MSSP 2017 ACO results released
MSSP 2017 ACO results released September 25, 2018
The Centers for Medicare & Medicaid Services (CMS) Medicare Shared Savings Program (MSSP) is offered to healthcare providers as “an opportunity to create a new type of health care entity, an Accountable Care Organization (ACO).” The program is voluntary and is designed to enable “providers to come together as an ACO to give coordinated, high quality care to their Medicare patients.” MSSP offers several tracks for ACOs to “assume various levels of risk” with the potential to share in the cost savings.
CMS recently released data for 472 ACOs participating in MSSP and caring for 9 million beneficiaries in 2017. Generally, the results were positive. More than half of the ACOs saved money and a third earned sharing savings.
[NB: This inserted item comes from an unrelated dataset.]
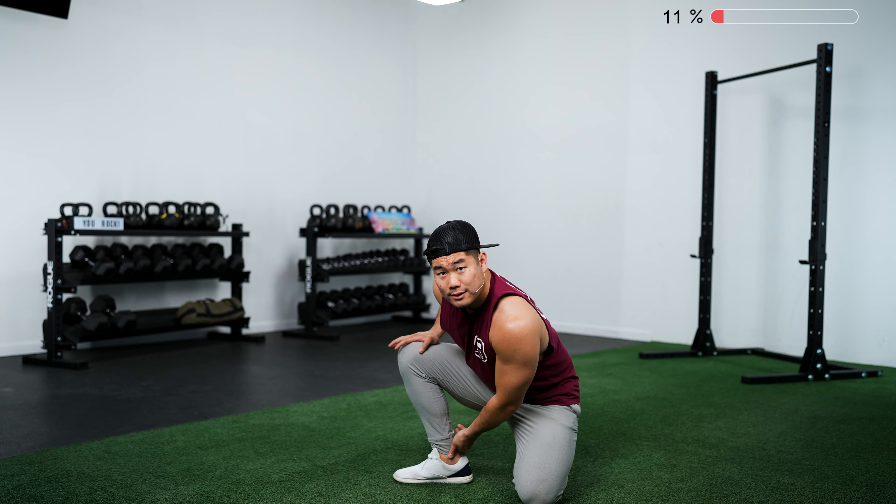Same thing on the other side: rock back to get your hamstring, rock forward to get hip flexors, hips, and inner thighs — pushing that knee off to the side to mimic the bottom of the squat position, then bring it back. You don't have to be all the way forward with your foot position — if you're off to the side, that's okay. It'll keep getting better as long as you keep doing these sorts of drills. Your goal is to get that foot as close to the hand as possible.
Both figures were increases from the 2016 participation results.
The National Association of ACOs (NAACO) released a summary of key data points found in the CMS MSSP report:
- $1.1 billion in gross savings
- Gross savings were generated by 60 percent of ACOs
- $800 million in shared savings bonuses paid to ACOs
- 34 percent of ACOs earned shared savings bonuses
- $314 million in net savings to Medicare (after accounting for bonuses paid to ACOs)
- A mean quality score of 90.5 percent for ACOs under pay-for-performance measurement
The net savings to Medicare of $314 million consisted of $291 million from those ACOs participating in Shared Savings only (Track 1) and $23 million from those ACOs participating in Shared Savings/Losses (Track 2 and 3).
While the results were positive for ACOs for 2017, new CMS proposals may “deter new entrants to the Medicare ACO program,” according to NAACO. While ACOs now have up to six years to prepare for taking financial risks while in the MSSP, a proposed rule would shorten the time in a shared savings only model to two years. In addition, CMS has proposed cutting the amount of shared savings in half, from 50 percent to 25 percent for shared savings only ACOs.